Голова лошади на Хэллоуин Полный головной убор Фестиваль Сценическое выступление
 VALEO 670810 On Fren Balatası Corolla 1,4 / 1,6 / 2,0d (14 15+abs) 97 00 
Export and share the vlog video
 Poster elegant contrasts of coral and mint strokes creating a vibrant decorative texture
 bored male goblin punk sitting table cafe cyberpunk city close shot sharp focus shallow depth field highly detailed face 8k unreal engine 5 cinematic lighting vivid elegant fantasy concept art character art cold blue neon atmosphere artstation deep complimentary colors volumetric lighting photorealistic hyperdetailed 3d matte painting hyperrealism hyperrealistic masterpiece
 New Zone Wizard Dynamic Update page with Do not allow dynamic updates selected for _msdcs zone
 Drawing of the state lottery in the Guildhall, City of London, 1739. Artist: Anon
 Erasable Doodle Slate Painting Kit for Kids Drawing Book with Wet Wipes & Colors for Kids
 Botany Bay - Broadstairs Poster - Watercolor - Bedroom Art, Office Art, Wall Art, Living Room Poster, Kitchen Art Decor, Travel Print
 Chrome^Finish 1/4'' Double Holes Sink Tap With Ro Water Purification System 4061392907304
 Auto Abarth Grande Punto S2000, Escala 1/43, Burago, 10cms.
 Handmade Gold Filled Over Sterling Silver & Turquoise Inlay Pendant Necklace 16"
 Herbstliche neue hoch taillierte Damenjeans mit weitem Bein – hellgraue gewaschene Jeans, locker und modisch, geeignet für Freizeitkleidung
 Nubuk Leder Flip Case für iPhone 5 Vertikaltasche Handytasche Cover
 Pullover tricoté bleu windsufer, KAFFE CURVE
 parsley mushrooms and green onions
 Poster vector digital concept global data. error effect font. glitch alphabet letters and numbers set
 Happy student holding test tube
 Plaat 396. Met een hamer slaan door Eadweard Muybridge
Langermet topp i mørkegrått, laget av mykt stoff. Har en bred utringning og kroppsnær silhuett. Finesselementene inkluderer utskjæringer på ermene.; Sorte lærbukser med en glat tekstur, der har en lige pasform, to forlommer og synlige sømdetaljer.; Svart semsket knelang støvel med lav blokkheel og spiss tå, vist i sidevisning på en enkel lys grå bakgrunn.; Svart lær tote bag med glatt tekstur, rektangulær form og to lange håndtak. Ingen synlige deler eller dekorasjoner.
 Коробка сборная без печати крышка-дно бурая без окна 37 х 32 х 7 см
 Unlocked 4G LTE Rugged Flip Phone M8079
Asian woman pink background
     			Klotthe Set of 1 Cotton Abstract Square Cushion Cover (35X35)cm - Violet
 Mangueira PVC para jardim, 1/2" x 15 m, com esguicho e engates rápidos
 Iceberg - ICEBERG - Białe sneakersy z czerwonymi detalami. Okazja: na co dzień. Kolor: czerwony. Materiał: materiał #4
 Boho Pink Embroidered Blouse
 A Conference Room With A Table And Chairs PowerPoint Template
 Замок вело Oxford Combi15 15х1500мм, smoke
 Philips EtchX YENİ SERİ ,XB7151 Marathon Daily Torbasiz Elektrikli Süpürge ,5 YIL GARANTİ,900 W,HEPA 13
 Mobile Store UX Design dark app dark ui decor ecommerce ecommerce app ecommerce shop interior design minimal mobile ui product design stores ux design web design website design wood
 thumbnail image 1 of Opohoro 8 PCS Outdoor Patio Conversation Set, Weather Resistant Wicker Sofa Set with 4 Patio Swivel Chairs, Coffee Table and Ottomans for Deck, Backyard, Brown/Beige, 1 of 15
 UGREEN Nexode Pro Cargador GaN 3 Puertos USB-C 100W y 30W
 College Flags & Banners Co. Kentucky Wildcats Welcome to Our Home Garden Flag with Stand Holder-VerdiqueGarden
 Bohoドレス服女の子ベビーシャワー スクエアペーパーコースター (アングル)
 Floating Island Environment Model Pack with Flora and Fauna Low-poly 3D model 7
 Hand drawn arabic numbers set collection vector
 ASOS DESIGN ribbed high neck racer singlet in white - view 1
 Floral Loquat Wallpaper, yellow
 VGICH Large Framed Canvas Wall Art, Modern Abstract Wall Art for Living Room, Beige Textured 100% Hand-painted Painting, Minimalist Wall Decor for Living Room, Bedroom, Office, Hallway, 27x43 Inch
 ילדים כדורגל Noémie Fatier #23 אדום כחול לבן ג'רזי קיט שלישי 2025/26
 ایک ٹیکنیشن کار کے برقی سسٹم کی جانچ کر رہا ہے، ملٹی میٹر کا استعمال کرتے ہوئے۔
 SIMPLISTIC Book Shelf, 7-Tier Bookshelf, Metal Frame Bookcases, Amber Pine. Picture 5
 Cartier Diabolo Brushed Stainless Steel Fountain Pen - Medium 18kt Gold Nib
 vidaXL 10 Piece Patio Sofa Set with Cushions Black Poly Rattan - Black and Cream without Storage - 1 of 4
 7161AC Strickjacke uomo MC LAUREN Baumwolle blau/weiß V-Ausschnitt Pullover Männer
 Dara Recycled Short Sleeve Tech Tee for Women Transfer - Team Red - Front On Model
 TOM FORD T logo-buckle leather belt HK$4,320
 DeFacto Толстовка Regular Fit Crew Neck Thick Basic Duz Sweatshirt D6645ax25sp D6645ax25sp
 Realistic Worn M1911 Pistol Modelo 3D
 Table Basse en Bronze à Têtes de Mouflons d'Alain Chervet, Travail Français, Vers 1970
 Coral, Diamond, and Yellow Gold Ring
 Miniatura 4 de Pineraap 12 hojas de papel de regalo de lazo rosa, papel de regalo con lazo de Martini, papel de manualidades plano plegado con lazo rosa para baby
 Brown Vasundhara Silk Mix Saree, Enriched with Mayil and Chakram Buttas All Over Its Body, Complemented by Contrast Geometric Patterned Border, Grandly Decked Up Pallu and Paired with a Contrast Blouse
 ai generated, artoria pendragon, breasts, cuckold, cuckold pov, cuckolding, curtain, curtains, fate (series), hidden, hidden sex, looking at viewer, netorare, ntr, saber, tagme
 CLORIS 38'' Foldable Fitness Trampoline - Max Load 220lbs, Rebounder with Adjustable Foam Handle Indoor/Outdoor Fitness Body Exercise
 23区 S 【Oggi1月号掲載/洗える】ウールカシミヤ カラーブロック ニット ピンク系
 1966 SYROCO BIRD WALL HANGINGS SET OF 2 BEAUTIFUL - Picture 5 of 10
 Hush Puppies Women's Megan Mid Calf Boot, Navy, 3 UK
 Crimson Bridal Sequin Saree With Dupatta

§

> **Instructions for the task**
Take the listing above and repeat exactly the lines from the one containing "Floating Island Environment" through the one containing "ילדים כדורגל Noémie", both included.

> **Solution for this problem**
 Floating Island Environment Model Pack with Flora and Fauna Low-poly 3D model 7
 Hand drawn arabic numbers set collection vector
 ASOS DESIGN ribbed high neck racer singlet in white - view 1
 Floral Loquat Wallpaper, yellow
 VGICH Large Framed Canvas Wall Art, Modern Abstract Wall Art for Living Room, Beige Textured 100% Hand-painted Painting, Minimalist Wall Decor for Living Room, Bedroom, Office, Hallway, 27x43 Inch
 ילדים כדורגל Noémie Fatier #23 אדום כחול לבן ג'רזי קיט שלישי 2025/26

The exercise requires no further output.